# the usefulness of the philippine martial arts



## thekuntawman (Mar 13, 2002)

a tip for how to teach your students the philippine martial arts:

when you teached it, keep in mind that most of your opponents do not come at you the way another eskrimador will do it. most of the time if you are lucky to have a weapon, he will not have one, or there will be a few people, or you will not have the same weapon.

emphasixe that you are attacking with the weapon instead of always being the defender. when i look at many philippine styles, they will always say "feed" me a number 1 (2,3,4, etc). this is not useful to the average guy who probably just wants to defend hisself and his family. instead, train him how to attack someone, meaning you will spend time on hit patterns, cutting patterns (if you are teaching blades) and striking pattern for empty hands and kickings.

use different method of attack for your defense technique, not just how a martial artist will attack (like some number or jujitsu attack), but what the average bozo on the street will do, a haymaker, grab from behind, shirt/collar grab with a punch, a push from front or back, stuff like that. 

the weapon you use can be a pen, cell phones, pair of sunglasses (folded up), unbrella (holding in the middel, not the end like a stick). 

of course you will have to do role playing (sparring). make sure you pad them up so they will get the chance to hit hard.

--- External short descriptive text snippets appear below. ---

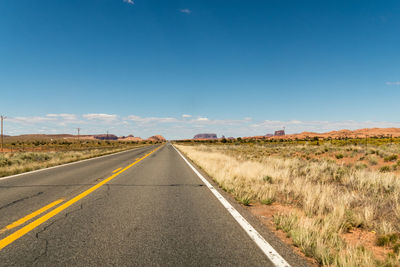 An empty road going towards some mountains on the horizon and almost with no clouds. arizona, usa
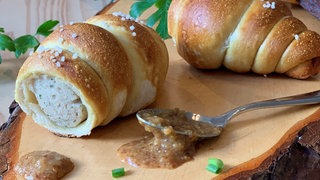 Eine Weißwurst im Brezelteigmantel.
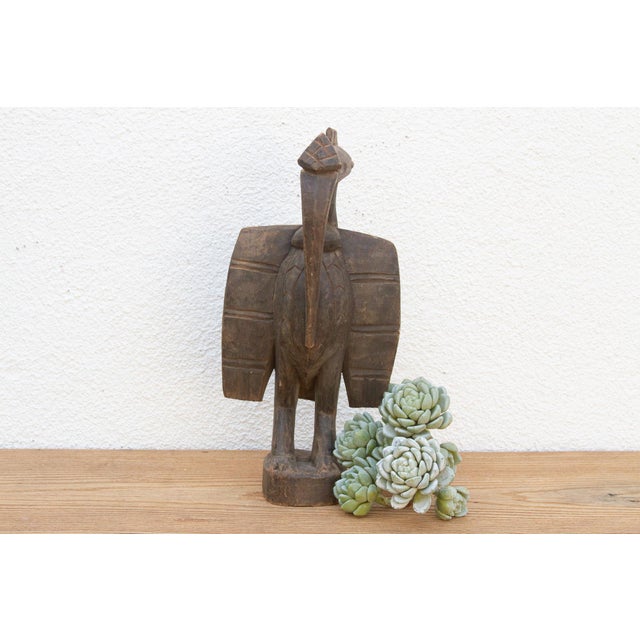 A stunning piece of African art, this antique Senufo hornbill statue is hand-carved from a single piece of wood. This...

this is how your arnis/eskrima can be different from the drills people. i hope you can appreciate this ideas from me.


----------



## tshadowchaser (Mar 13, 2002)

May I add to what thekuntawman said with 
If there is a complet beginner arond let them attack you or the student in any fasion they want. Beginners and people not trained deffenatly attack in unusual ways.
Those trained in an arrt attack normaly attack they way they are taught.
Basicly this is what was said befor just in a diffrent way
Shadow


----------



## VampyrSoul2000 (Mar 23, 2002)

How many thugs on the street actually run up and get in proper stance and throw a proper punch and wait for you to react? Not many that I know, and if they do, then they deserve what they get coming to them.
It's good to practise set plays, so to speak, just to learn how and why you are doing the moves, but things happen and te average street maniac will not play by the rules.
It's good to know everything, the right way for the school, and the right way for the streets.


----------